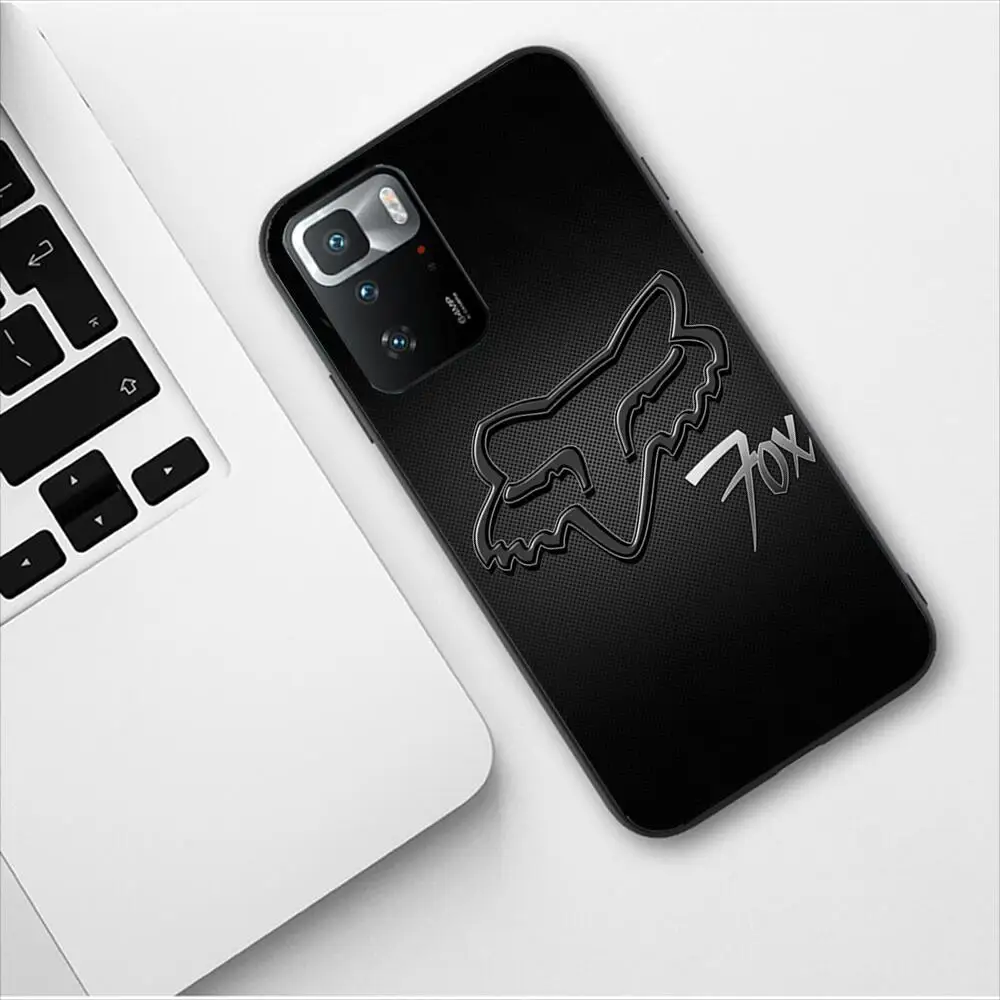 Motorcycle Racing Foxes Phone Case For Redmi 9 9A 7A 10 8A 10A 8 Note 11 10S 7 11S Plus POCO X3 Pro Luxury Design Fashion Cover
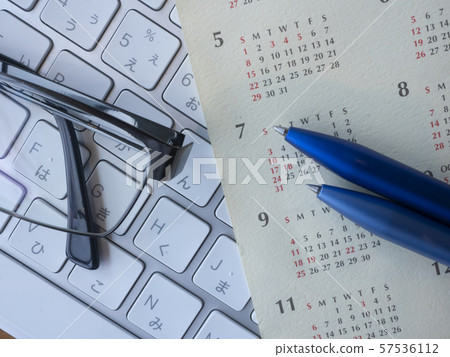 Business image · calendar · keyboard · glasses Business image · calendar · keyboard · glasses 57536112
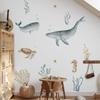 NXUEBDU Ocean Wall Decals Whale Shark Under The Sea Wall Stickers Peel and Stick Underwater Murals Baby Nursery Room Kids Bedroom Decor view 4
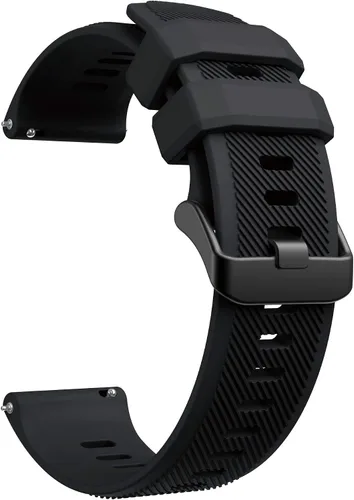 Vista 3 de Senter Correa de repuesto deportiva de silicona suave de 0.866 in compatible con Garmin Forerunner 745, Amazfit GTR 3, Realme Watch 2, Xiaomi Haylou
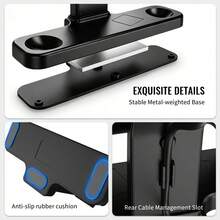 2026 New Steam Controller Storage Station, Equipped With Original Magnetic Charging Power Bank Slot, Steam Controller Original Body Can Be Tilted And Upright, Convenient For Display And Storage. - View 6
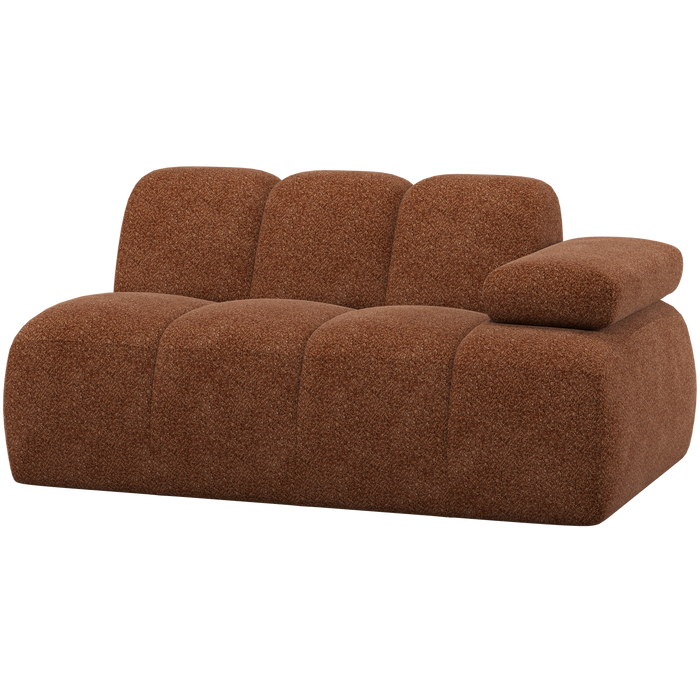 WOOOD Mojo 1,5-Zits Element Bank Arm Rechts - Wollig - Roestbruin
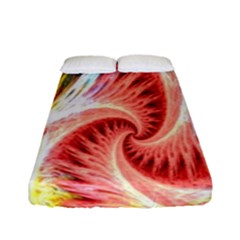 Fractalflowers Fitted Sheet (full/ Double Size) by Sparkle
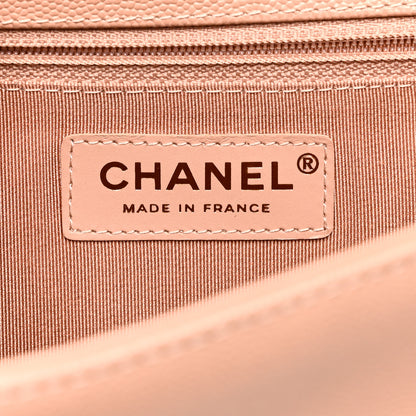 Chanel Caviar Quilted New Medium Boy Flap Beige 6 of 12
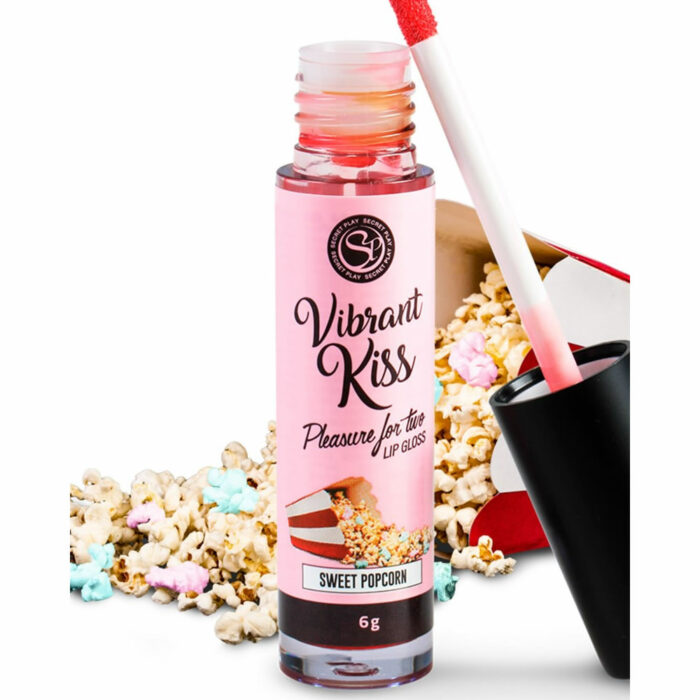 Vibrant-Lip-Gloss-Secret-play-Popcorn Lip Gloss Vibrant Kiss Popcorn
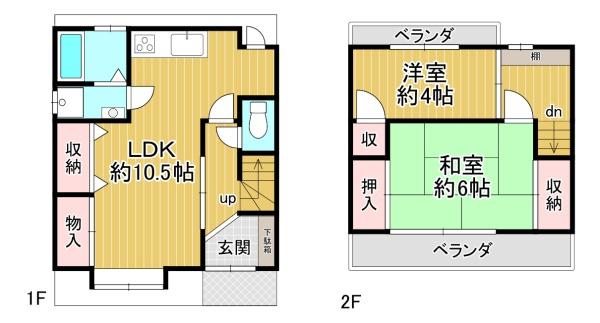 京都市左京区粟田口鳥居町　中古テラスハウス 間取図・土地図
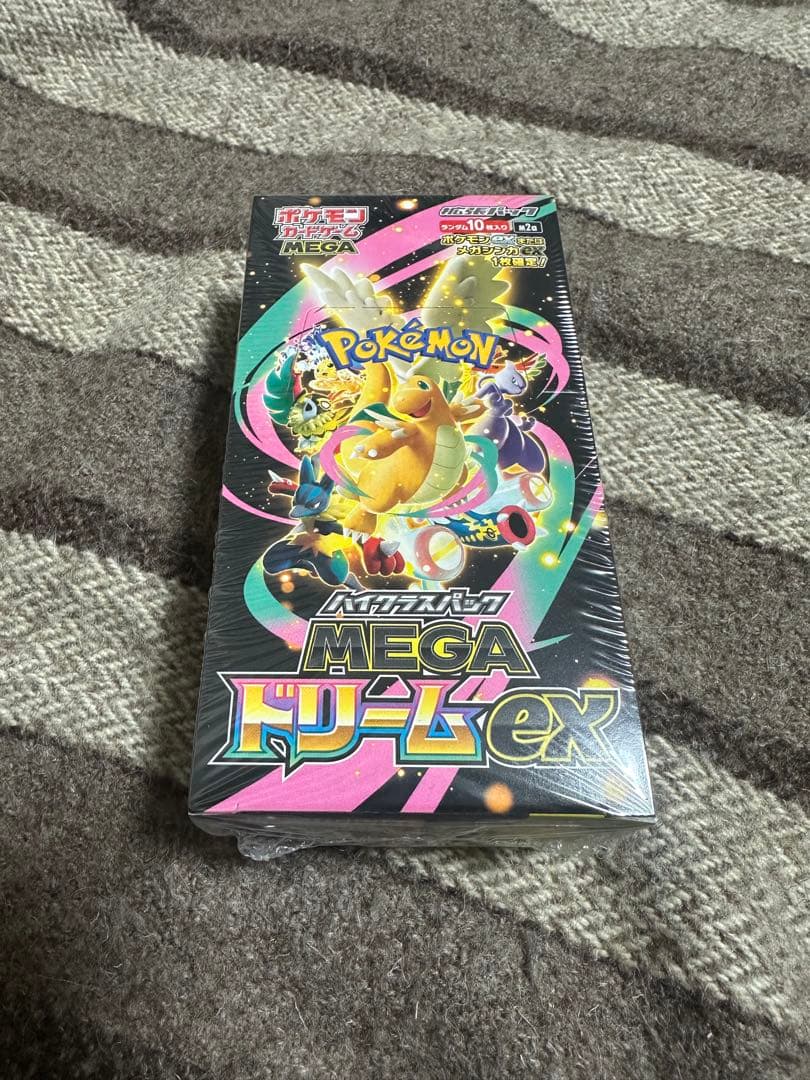 【新品未開封】ポケモンカードゲーム MEGAドリームEX10パック入シュリンク付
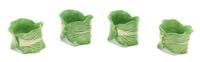 Twelve Dodie Thayer Lettuce Ware Napkin Rings Diameter 2 1/4 inches. — 20TH CENTURY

....

# What is being asked:
Write out exactly the lines above, from the very first through the line containing "2026 New Steam", both kept, with the pictures removed.

# Written solution:
 Motorcycle Racing Foxes Phone Case For Redmi 9 9A 7A 10 8A 10A 8 Note 11 10S 7 11S Plus POCO X3 Pro Luxury Design Fashion Cover
 Business image · calendar · keyboard · glasses Business image · calendar · keyboard · glasses 57536112
 NXUEBDU Ocean Wall Decals Whale Shark Under The Sea Wall Stickers Peel and Stick Underwater Murals Baby Nursery Room Kids Bedroom Decor view 4
 Vista 3 de Senter Correa de repuesto deportiva de silicona suave de 0.866 in compatible con Garmin Forerunner 745, Amazfit GTR 3, Realme Watch 2, Xiaomi Haylou
 2026 New Steam Controller Storage Station, Equipped With Original Magnetic Charging Power Bank Slot, Steam Controller Original Body Can Be Tilted And Upright, Convenient For Display And Storage. - View 6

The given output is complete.